Give it some time - I can point to you where to get .45 micron filters for approx 10 dollars or so. Yes beer will not drop out as fast as wine - remember that you should only filter your wine once it is clear enough to read a newspaper through it. It is designed to polish your wine - 

can you give any more details about what you are trying to clear ?


----------



## DoctorCAD (Nov 6, 2014)

Filtering should only be done on perfectly still and clean wine. Its not meant to pull everything out ' just polish a finished wine. At least home filtering...


----------



## booboo (Nov 6, 2014)

vacuumpumpman said:


> I agree with Dralarms -
> 
> Give it some time - I can point to you where to get .45 micron filters for approx 10 dollars or so. Yes beer will not drop out as fast as wine - remember that you should only filter your wine once it is clear enough to read a newspaper through it. It is designed to polish your wine -
> 
> can you give any more details about what you are trying to clear ?



I like to filter wine right before bottling to avoid settlement. 

The wine was clear enough to read a newspaper. Maybe the wine snuck around the filter? Maybe the filter was defective???


----------



## Runningwolf (Nov 6, 2014)

There should not be any fall out after filtering with a 1 micron filter or tighter. There is something else going on like tartrates.


----------



## ffemt128 (Nov 7, 2014)

Runningwolf said:


> There should not be any fall out after filtering with a 1 micron filter or tighter. There is something else going on like tartrates.


 

I agree with this. I had 2 batches of Bronze Muscadine that were crystal clear, filtered, then a year later tiny dark tartrate crystals even after cold stabilizing out doors in the winter for a month...


----------



## Boatboy24 (Nov 7, 2014)

I had an issue last year with my filter where it looked like wine could get in and through the housing without ever touching the filter. I couldn't understand why I still had fine sediment in a Torrontes and Chardonnay after running them through a 1 micron filter. I trashed it and bought a replacement. That has worked fine. The sediment was not tartrate crystals. It was very fine and I'd only notice it when I first picked up a bottle that had been on its side for a while. After a little movement, it dispersed throughout the bottle and was barely noticeable. Inspect your housing, particularly the lid.


----------



## vacuumpumpman (Nov 7, 2014)

Boatboy.
Was that caused because of the hard plastic end on the filter as discussed in tips and tricks using the whole house filter ?
I will put a link up later -
http://www.winemakingtalk.com/forum/f71/tips-tricks-using-whole-house-filter-37737/


----------



## Thig (Nov 7, 2014)

dralarms said:


> Got a Muscadine right now that was filtered twice and checked today and I got a 1/2 inch layer on the bottom.

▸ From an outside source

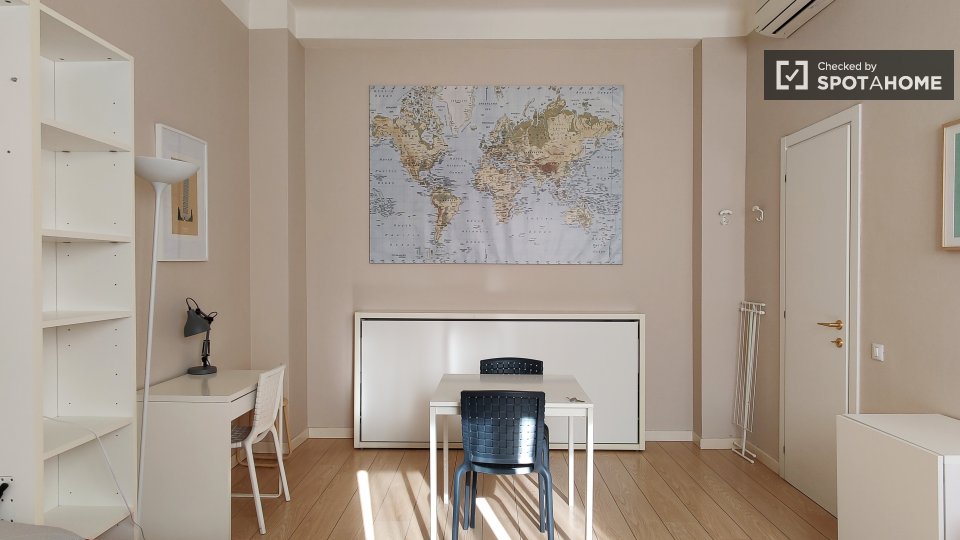 Immagine 4 di Ufficio in affitto  in Via Goffredo Sigieri, 20135 Milano MI, Italy a Milano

Wow that is amazing, if you got that much sediment after filtering twice I would say it wasn't clear enough to be filtering, surprised it didn't clog the filter up fast.


----------



## booboo (Nov 8, 2014)

Thig said:


> Wow that is amazing, if you got that much sediment after filtering twice I would say it wasn't clear enough to be filtering, surprised it didn't clog the filter up fast.




The wine was clear prior to filtering but that shouldn't matter. The filter should stop any particle over 1 micron no matter how much of it there is in the wine up until the filter gets clogged enough to stop flow. 

The filter lid appears to be fine. If I blow air into the 9" dip tube that I installed it holds pressure when the output is plugged. I am going to go get some thin rubber washers to put on the top and bottom of the cartridge to make sure it is not leaking around the filter cartridge. Will try that out today.


----------



## vacuumpumpman (Nov 8, 2014)

booboo - 
please check this link - 
http://www.winemakingtalk.com/forum/f71/tips-tricks-using-whole-house-filter-37737/

I would not recommend using washers because you will not properly seal the housing. The filters are self sealing - look at an old one and you will see the imprint of the top and bottom of the housing. That is another reason to use new filters every time - and they are very reasonable. 

Please check your top and bottom housings for imperfections - like boatboy mentioned


----------



## Thig (Nov 8, 2014)

booboo said:


> The wine was clear prior to filtering but that shouldn't matter. The filter should stop any particle over 1 micron no matter how much of it there is in the wine up until the filter gets clogged enough to stop flow.
> 
> The filter lid appears to be fine. If I blow air into the 9" dip tube that I installed it holds pressure when the output is plugged. I am going to go get some thin rubber washers to put on the top and bottom of the cartridge to make sure it is not leaking around the filter cartridge. Will try that out today.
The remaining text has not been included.